## DATA PROVIDED:
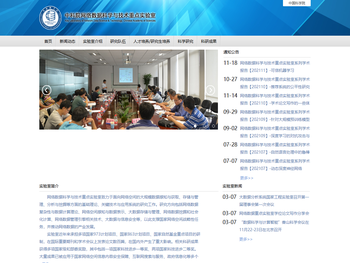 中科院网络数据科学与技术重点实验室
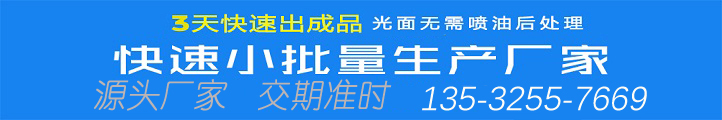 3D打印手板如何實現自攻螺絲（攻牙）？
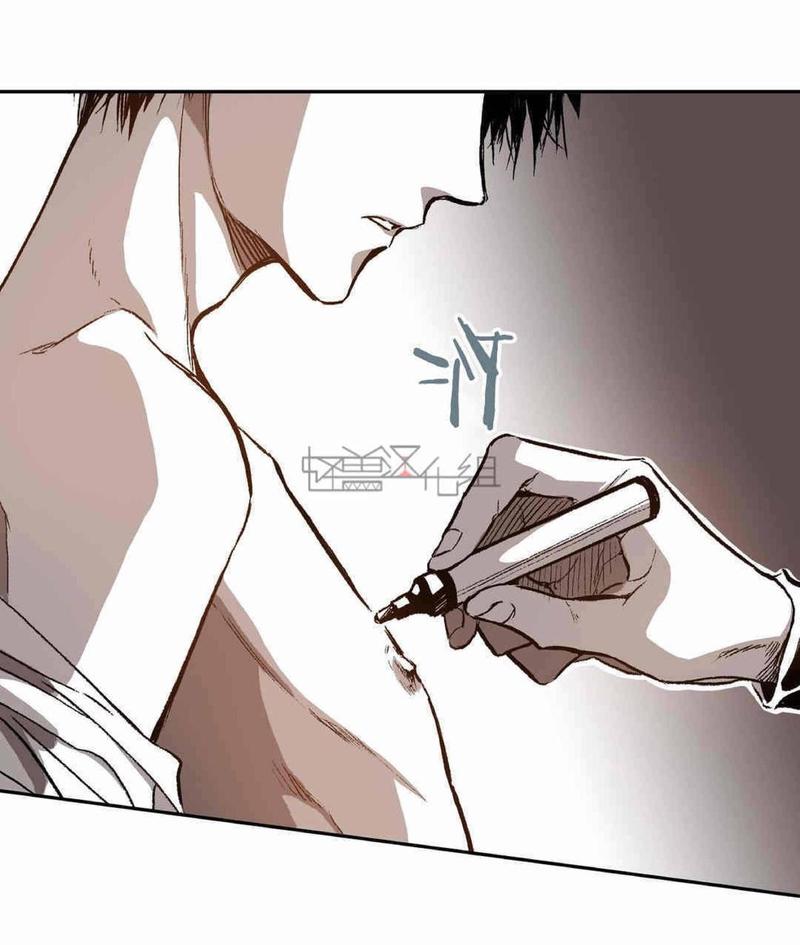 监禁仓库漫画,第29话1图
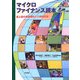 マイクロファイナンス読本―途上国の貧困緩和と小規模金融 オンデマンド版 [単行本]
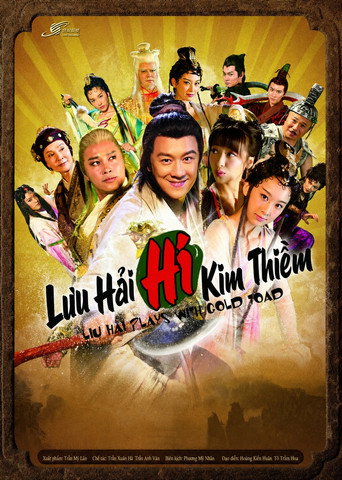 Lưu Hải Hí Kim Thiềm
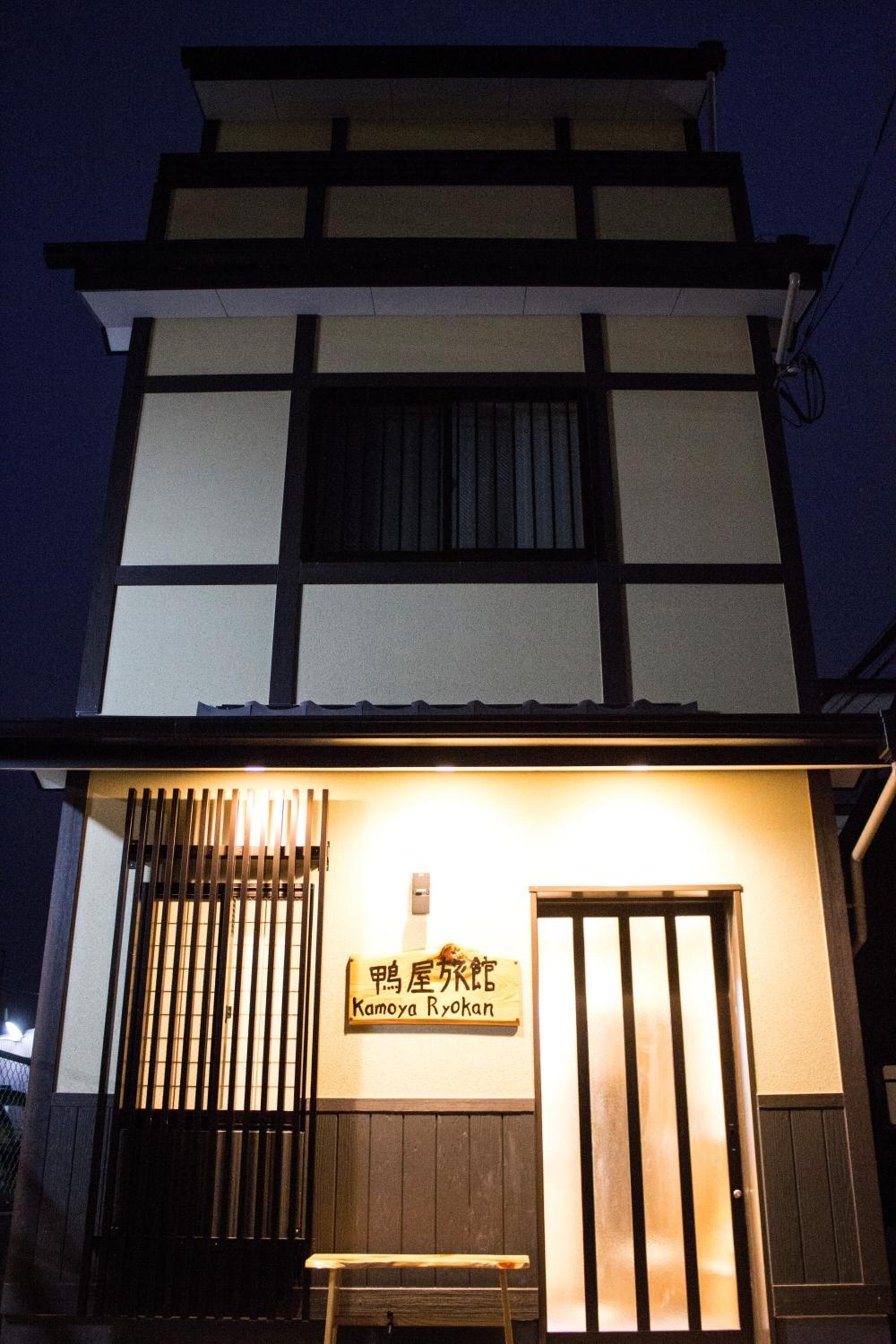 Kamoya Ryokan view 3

---

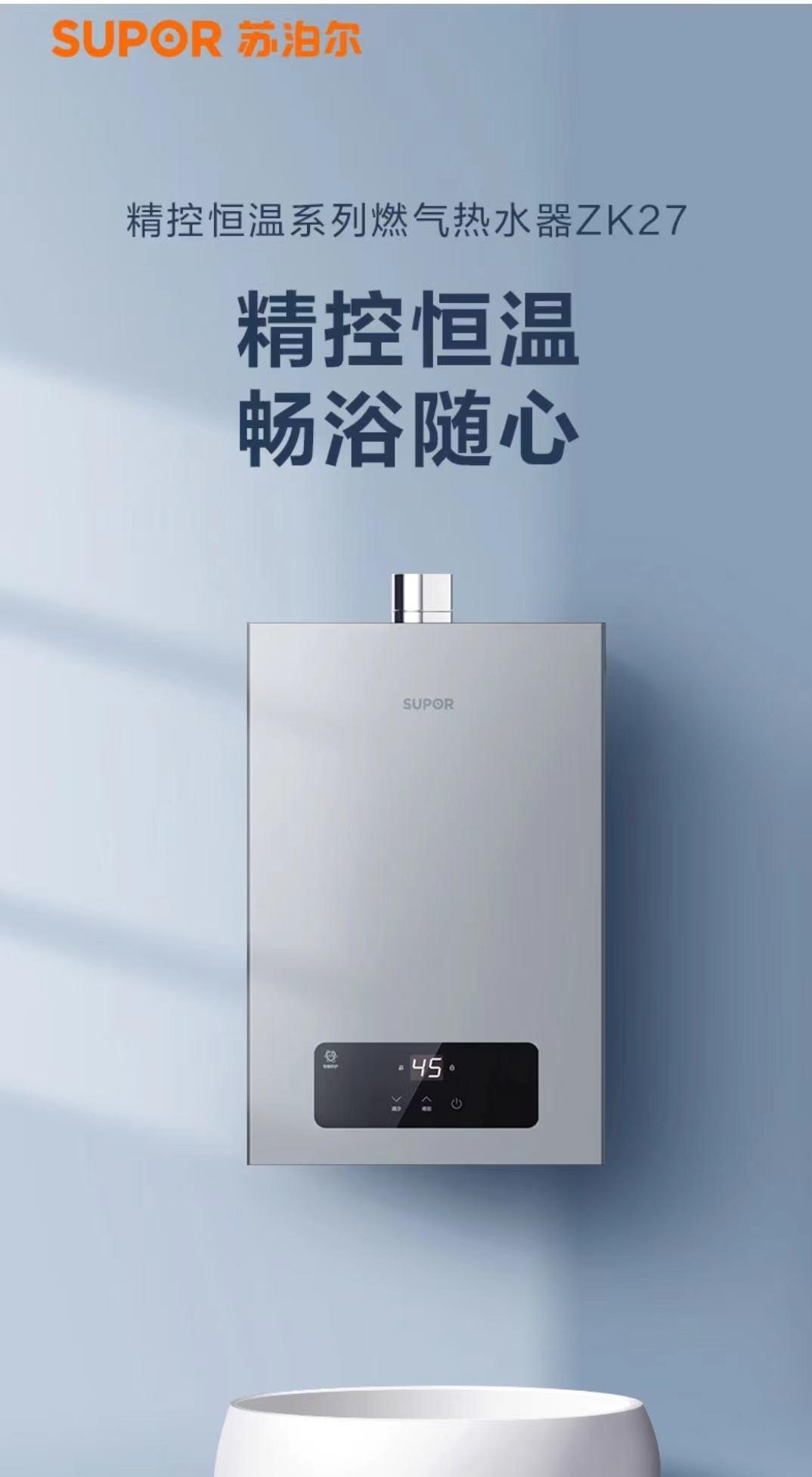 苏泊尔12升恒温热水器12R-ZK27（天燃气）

## EXERCISE AIM:
Starting at the line with "3D打印手板如何實現自攻螺絲（攻牙）？" in the entries above, write out every line exactly until the line with "Kamoya Ryokan view 3" has been written. Include no pictures and nothing more.

## EXPECTED OUTPUT:
 3D打印手板如何實現自攻螺絲（攻牙）？
 监禁仓库漫画,第29话1图
 マイクロファイナンス読本―途上国の貧困緩和と小規模金融 オンデマンド版 [単行本]
 Lưu Hải Hí Kim Thiềm
 Kamoya Ryokan view 3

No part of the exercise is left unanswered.